MolEnc: a molecular encoder using rdkit and OCaml.
BSD 3-Clause "New" or "Revised" License
18 stars 2 forks source link

I need a dumb encoder: mol -> (MolW,cLogP,TPSA,RotB,HBA,HBD,FC) #80

Closed UnixJunkie closed 4 years ago

UnixJunkie commented 4 years ago

I have one somewhere else. Mini dragon or I don't know what funny name.
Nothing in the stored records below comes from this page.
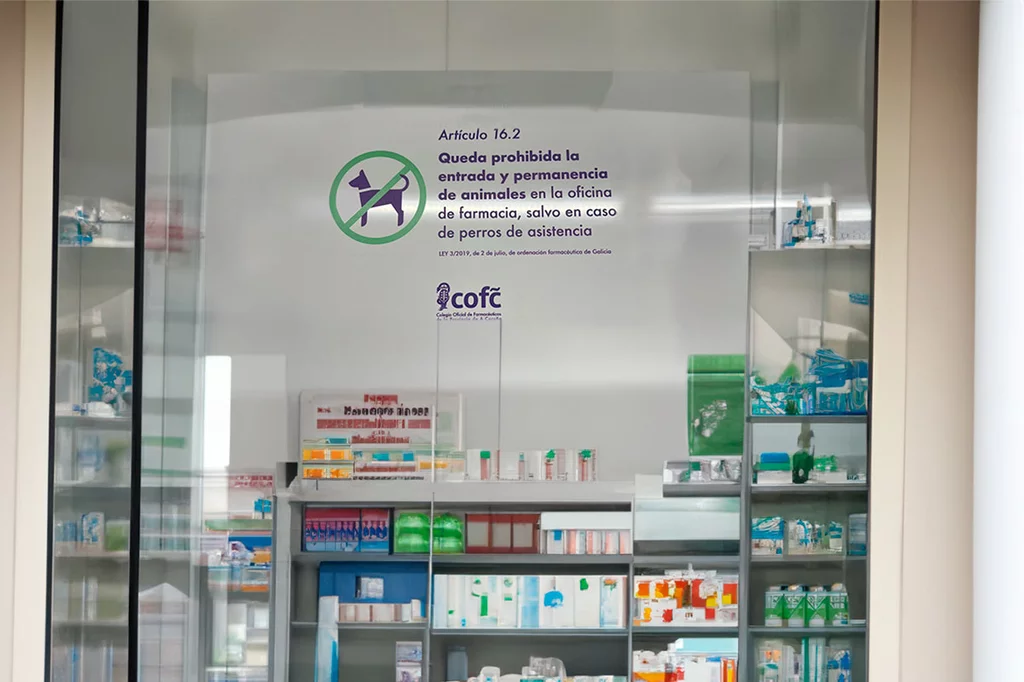 Las farmacias gallegas están recordando con carteles que desde 2019 está prohibido el acceso con animales en las boticas.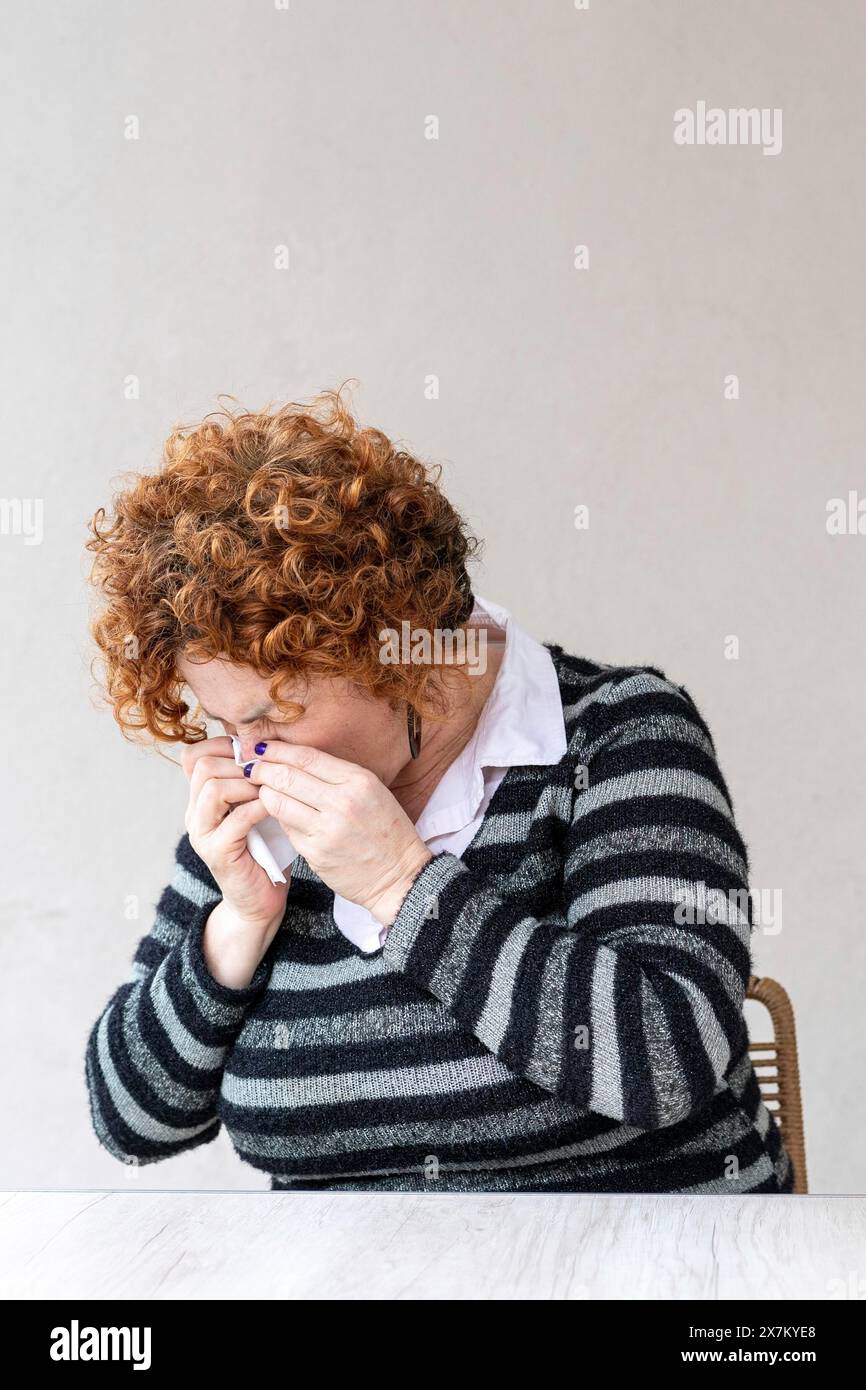 Vista laterale di una donna che soffia il naso Foto Stock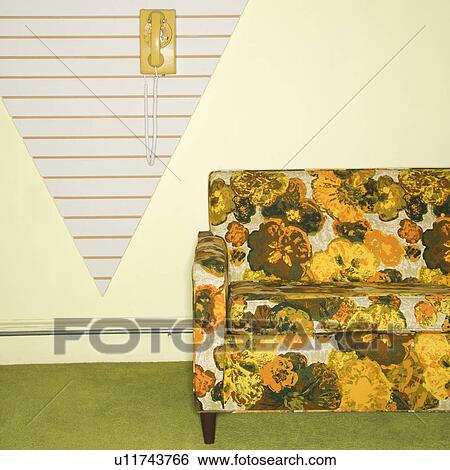 Stock Photograph - Retro floral printed sofa with yellow rotary phone hanging on wall.. Fotosearch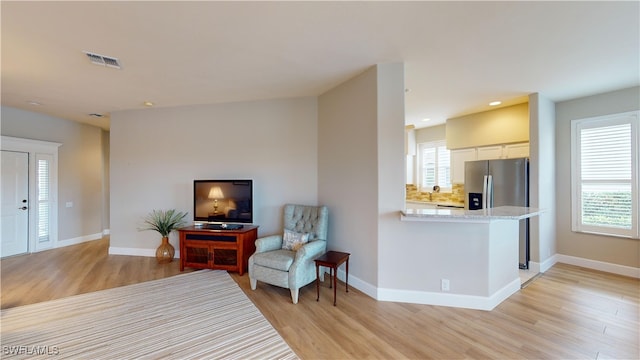 sitting room with light hardwood / wood-style floors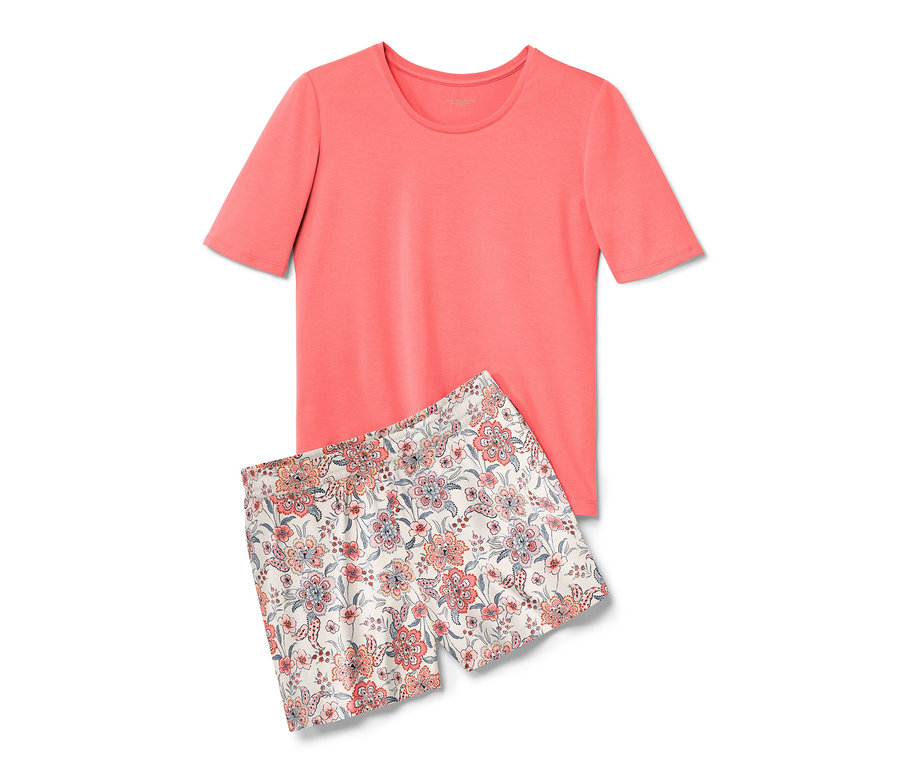 Piżama z krótkimi spodenkami w kolorze papai składająca się z T-shirtu i kwiecistych szortów leży na sobie.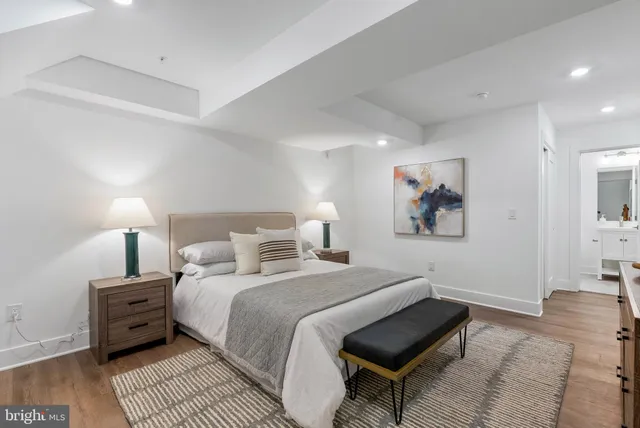 a bedroom with a bed and a lamp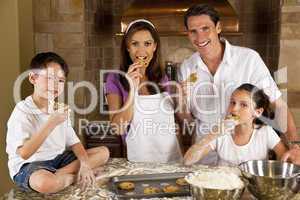 Attractive Family Baking and Eating Cookies In A Kitchen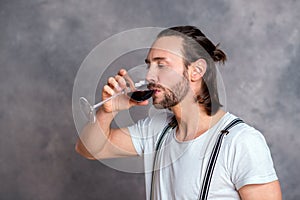 Young man drinking red wine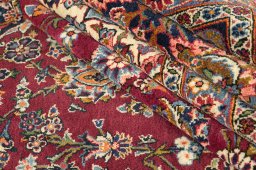 Corner detail of 1950s Kashan rug showing border pattern and Wool pile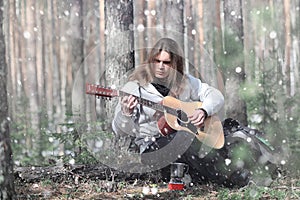 Guitarist in the woods at a picnic. A musician with an acoustic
UnixJunkie commented 4 years ago

copy the script from here https://github.com/UnixJunkie/chemo_lizard

UnixJunkie commented 4 years ago

The TranNguyen-Rognan filter:

# Step 1: Organic compound filter. Molecules bearing at
least one atom other than H, C, N, O, P, S, F, Cl, Br, and I
were removed.
# Step 3: Molecular property range filter. Remaining
actives and inactives were kept if
• 150 < Molecular weight < 800 Da
• −3.0 < AlogP < 5.0
• Number of rotatable bonds < 15
• H-bond acceptor count < 10
• H-bond donor count < 10
• −2.0 < total formal charge < + 2.0

From

Tran-Nguyen, V. K., Jacquemard, C., & Rognan, D. (2020). LIT-PCBA: An Unbiased Data Set for Machine Learning and Virtual Screening. Journal of Chemical Information and Modeling.
UnixJunkie commented 4 years ago

So, with option: --remove-aliens :)

UnixJunkie commented 4 years ago

done: bin/molenc_lizard.py

UnixJunkie commented 4 years ago

should be OK; except the original AlogP range for which I asked a question (the paper uses AlogP computed with pipeline pilot; while I have cLogP computed by rdkit)